The leaqding corporate protagonists in the mutibillion-dollar battle to acquire Conoco Inc., the nation's ninth-largest oil company, called one another names, postured and spent time in the courts today.

But shareholders trying to decide among three competing proposals for Conoco -- from E.I. du Pont de Nemours & Co., Mobil Oil Co. and Seagram Co. -- were not presented with any new offers in the escalating takeover war.

Conoco, which wants Du Pont to win the battle, announced that it obtained New York Stock Exchange approval to list 15.9 million shares of its stock that now is in the company treasury. Conoco plans to sell those shares to Du Pont, which has a $7.2 billion cash-and-stock offer to buy the 86 million shares of Conoco stock now in the hands of the public.

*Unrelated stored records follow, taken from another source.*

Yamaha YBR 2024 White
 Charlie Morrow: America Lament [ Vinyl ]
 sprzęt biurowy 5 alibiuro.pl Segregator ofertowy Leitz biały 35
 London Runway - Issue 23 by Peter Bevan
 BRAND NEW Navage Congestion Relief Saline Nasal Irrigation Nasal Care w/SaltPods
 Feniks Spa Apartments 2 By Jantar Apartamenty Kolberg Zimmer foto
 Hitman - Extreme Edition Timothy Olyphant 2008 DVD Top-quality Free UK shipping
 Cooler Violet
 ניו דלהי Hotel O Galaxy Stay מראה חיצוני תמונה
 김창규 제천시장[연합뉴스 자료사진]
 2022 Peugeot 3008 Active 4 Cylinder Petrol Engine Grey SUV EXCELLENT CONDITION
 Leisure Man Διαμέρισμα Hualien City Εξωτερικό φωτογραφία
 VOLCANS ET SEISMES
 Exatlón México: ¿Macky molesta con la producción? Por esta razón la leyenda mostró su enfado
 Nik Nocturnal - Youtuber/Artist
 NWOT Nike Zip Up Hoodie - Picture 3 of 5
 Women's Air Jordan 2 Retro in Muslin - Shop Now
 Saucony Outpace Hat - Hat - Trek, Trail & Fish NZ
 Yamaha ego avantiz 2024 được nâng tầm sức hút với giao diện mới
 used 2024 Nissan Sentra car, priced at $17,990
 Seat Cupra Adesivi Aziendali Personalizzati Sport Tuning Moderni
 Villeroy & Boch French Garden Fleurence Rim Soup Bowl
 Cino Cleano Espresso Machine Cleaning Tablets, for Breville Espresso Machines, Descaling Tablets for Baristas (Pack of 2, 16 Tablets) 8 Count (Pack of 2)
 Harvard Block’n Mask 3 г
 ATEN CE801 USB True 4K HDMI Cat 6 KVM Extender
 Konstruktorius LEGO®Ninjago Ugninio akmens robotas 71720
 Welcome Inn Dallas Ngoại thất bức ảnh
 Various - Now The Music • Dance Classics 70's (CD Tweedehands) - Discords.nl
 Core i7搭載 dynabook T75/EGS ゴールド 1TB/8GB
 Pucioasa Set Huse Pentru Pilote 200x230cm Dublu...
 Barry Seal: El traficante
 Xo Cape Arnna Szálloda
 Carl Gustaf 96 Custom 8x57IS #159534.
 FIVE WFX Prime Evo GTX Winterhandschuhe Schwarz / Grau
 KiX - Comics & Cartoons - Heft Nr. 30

Mobil earlier this week went to court to try to block the sale of the 15.9 million shares. It gives Du Pont a leg up in the takeover battle.

Mobil, for its part, has offered a combination of cash and securities totaling $7.7 billion for Conoco stock and has suggested it might boost the offer to $7.9 billion, but it has not done so yet.

Conoco took yseagram to court alleging that it gave certain Conoco shareholders advance warning before the Canadian distiller boosted its bid for 51 percent of Conoco stock from $85 to $92 a share on Thursday. Conoco, which earlier lost a bid to block Seagram's bid, accused Seagram of "manipulative" conduct.

Seagram, whose bid is an all-cash one worth $4.08 billion, said the Conoco suit was "without merit" and called it "one more transparent step in a parade of desparate tactical maneuvers designed to frustrate Conoco shareholders in their efforts to weigh the merits" of the three competing bids.

Du Pont's freiendly bid would keep current Conoco management in place. Neither Seagram's bid for 51 percent of Conoco stock nor Mobil's offer to acquire the entire company makes such a promise.

Seagram accused Conoco of further "desparate" tactics in getting the governments of Dubai and Norway to say that a Seagram takeover might force those countries to take actions that would be harmful to shareholders of Conoco.

In response to a letter from Conoco's board of directors, the Olso government this morning said Conoco's participation in North Sea oil leases might be reconsidered if Seagram won the bidding battle. Last week Dubai said it had concerns about Seagram, as well. Seagram's Texas Pacific subsidiary had oil leases in Dubai several years ago, and a Seagram spokesman said the company and the Middle East oil Kingdom have cordial relations.